Spezialeinsatzkommando der Polizei sprengte das Jahrestreffen der rechtsextremistischen „Hammerskins“

Erschütternd sei die Dreistigkeit und die Frechheit, sagt der Einsatzleiter der Polizei am Rande der Razzia bei dem Treffen der „Hammerskins“. Obwohl jeder einzelne Skin und jeder einzelne Neonazi von mindestens zwei schwer bewaffneten und behelmten Beamten bewacht wird, finden viele den Mut zu pöbeln, zu beleidigen. „Du Judensau“, flucht ein Skin mehrfach – die Strafanzeige folgt auf dem Fuße. Ein wütender „Vandale“ mit „Reichshauptstadt“-Hemd und geflochtenem Zöpfchen beginnt gleich mit vier stämmigen Polizisten zu rangeln. „Denen ist alles egal“, kommentiert der Leiter der Polizeidirektion 6, Michael Knape, diese Szenen. Der Polizeidirektor hat in den letzten Jahren ein gutes Dutzend rechter Konzerte und rechter Party vor der Zeit beendet.
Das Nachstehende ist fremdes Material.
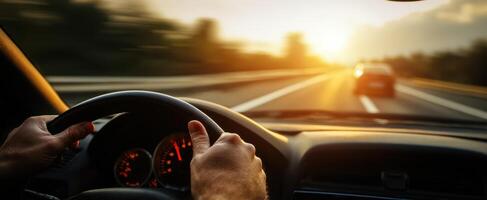 The person driving a car on a scenic highway during sunset photo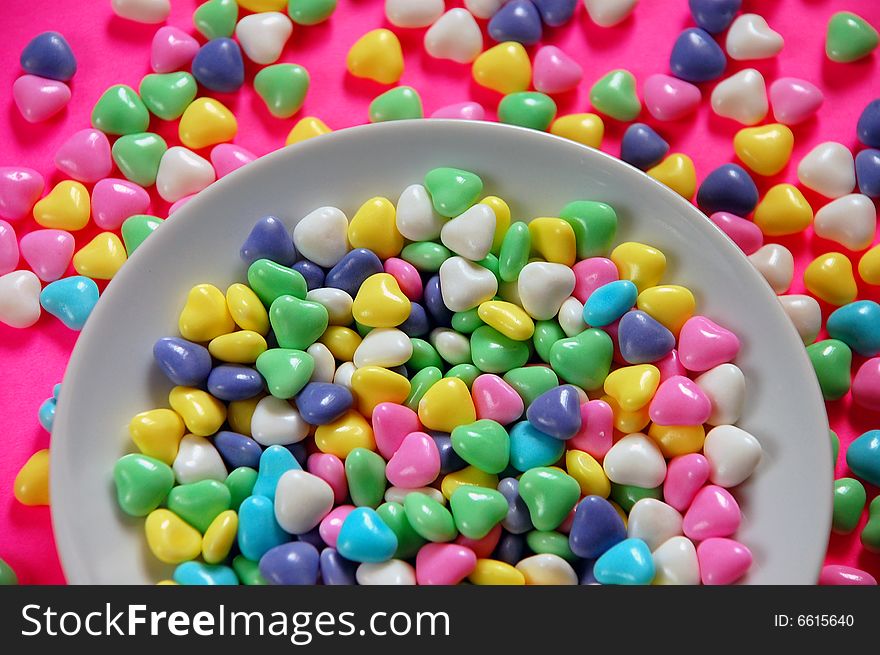 Bowl of candy hearts on pink background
Ein Spezialeinsatzkommando und 250 Polizisten sprengen am späten Samstagabend das konspirativ vorbereitete Jahrestreffen der rechtsextremistischen Hammerskins – und zwar schlagartig. Eine Stunde zuvor war der Treffpunkt bekannt geworden: der „Pankower Bär“, ein einfacher „Billard-Treff“ im Pankower Ortsteil Niederschönhausen, ein Plattenbau-Relikt aus DDR-Zeiten. Hier kostet das Pils einen Euro. 127 Männer und Frauen werden überprüft – gut zweieinhalb Stunden lang.
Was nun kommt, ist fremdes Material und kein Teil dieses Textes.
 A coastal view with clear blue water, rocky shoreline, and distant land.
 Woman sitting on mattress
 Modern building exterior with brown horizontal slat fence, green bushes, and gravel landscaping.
„Die Ultra-Elite der rechtsextremistischen Skinheads“, beschreibt Knape die versammelten Kahlköpfe. Die 15 Berliner Hammerskins hatten neben bayerischen, Schweizer und französischen „Brüdern“ auch die Ost-Berliner Neonazi-Rocker „Vandalen“ und NPD-Mitglieder eingeladen. Die Polizei trifft aber auch den bekannten Neonazi und früheren Kroatien-Söldner Eckart B. im Pankower Bären an, mit Seidenschal, Jacket – und grinsend. Einzeln und nacheinander führen mehrere Beamte jeden der Kahlköpfe aus der Kneipe, im gleißenden Licht eines Polizei-Flutlichtmastes werden sie gefilzt.

Die Polizisten suchen vor allem nach verbotenen Abzeichen, Emblemen, Parolen und Uniformteilen. „Nur Einigkeit führt zum Sieg“, prangt auf manchen Bierbäuchen, oder kryptisches wie „2 yt 4 u“. Die Männer von der Spezialeinheit PMS (Politisch motivierte Straßengewalt) wissen, was das bedeutet: „Too white for you“, „zu weiß für dich“ also. Manches davon ist verboten oder fällt unters Uniformverbot. Jedes Abzeichen, jede Tätowierung wird fotografiert von den Spezialisten des Staatsschutzes. Für Zweifelsfälle steht der Justitiar der Polizei, Oliver Tölle, vor dem „ Bären“. Vier Strafanzeigen werden wegen verfassungswidriger Abzeichen geschrieben. Sieben Skins müssen ihre Bomberjacken abgeben, sie werden als verbotene Uniform beschlagnahmt.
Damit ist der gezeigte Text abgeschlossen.